11 October 1649
Today in 1649, the inhabitants of Wexford were massacred by British troops. One month earlier [ 11 September 1649 ] Oliver Cromwell, commanding British parliamentary forces in Ireland, had ordered his soldiers to offer no quarter to the royalist garrison at Drogheda, and had slaughtered almost all those who had surrendered, along with many of the town’s inhabitants. His army had then struck south towards the coastal town of Wexford, from where ships had been harassing his supply lines. Cromwell arrived at the head of 9,000 soldiers on 1 October and on 11th, his artillery breached the medieval walls.
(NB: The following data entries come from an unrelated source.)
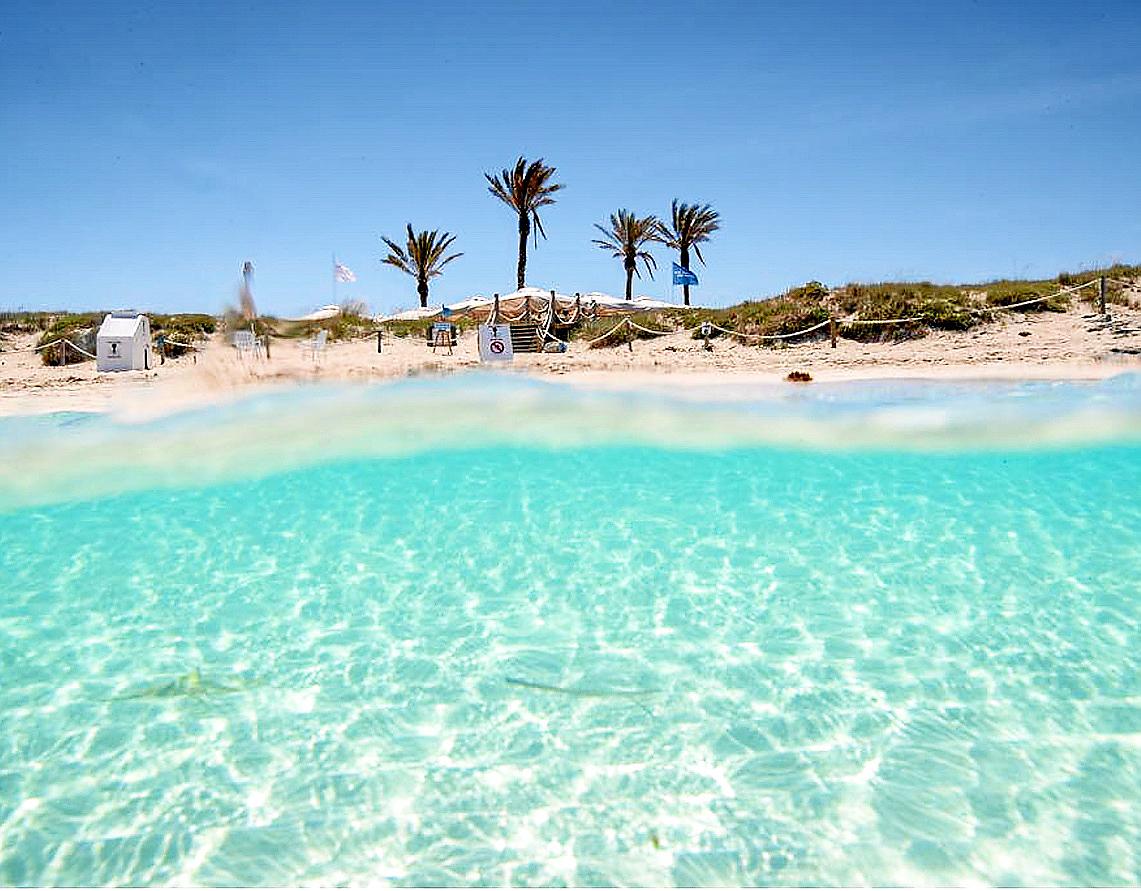 Together For Healthcare Heroes tweet media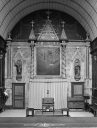 Ensemble du maître-autel : autel, retable, tableau d'autel : Pèlerins d'Emmaüs, statue : Saint Pierre (La Fontenelle fusionnée en Val-Couesnon en 2019)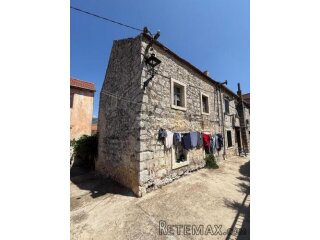 Kuća za adaptaciju u Potomju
Three days later he informed William Lenthall, speaker of parliament, that his men had ‘put all to the sword that came in their way,’ and that ‘there was lost of the enemy not many less than two thousand; and I believe not twenty of yours killed from first to last of the siege.’1
The surviving inhabitants later attested in a petition that Cromwell’s forces had murdered all of them, except for a ‘very few.’2 Seven Franciscan priests, one of them blind, were among those killed.3 Cromwell had no qualms about the bloodbath, reasoning that it must have been God who had ‘brought a righteous judgement upon them causing them to become prey to the soldier.’4 He was, however, perturbed to learn that his men had also looted all they could lay their hands on including many basic provisions, so much so that he felt unable to use the port as a winter base.5
- Cromwell to Lenthall cited in Micheál Ó Siochrú, God’s Executioner: Oliver Cromwell and the Conquest of Ireland, Faber and Faber, London, 2009. p. 97 and Thomas Carlyle, Oliver Cromwell’s Letters and Speeches, in four volumes, Volume II, Chapman and Hall, London, 1845, p. 77.
- Micheál Ó Siochrú op. cit., p. 97.
- Nicholas Furlong, A History of Wexford, Gill and Macmillan, 2003 and Benignus Millett, The Irish Franciscans, 1651-1665, Gregorian University Press, Rome, 1964 p. 539.
- Thomas Carlyle, Oliver Cromwell’s Letters and Speeches, in four volumes, Volume II, Chapman and Hall, London, 1845, p. 77.
- Micheal O Siochru, op. cit., p. 97 and Antonia Fraser, Cromwell: Our Chief of Men, Phoenix, London, 2004.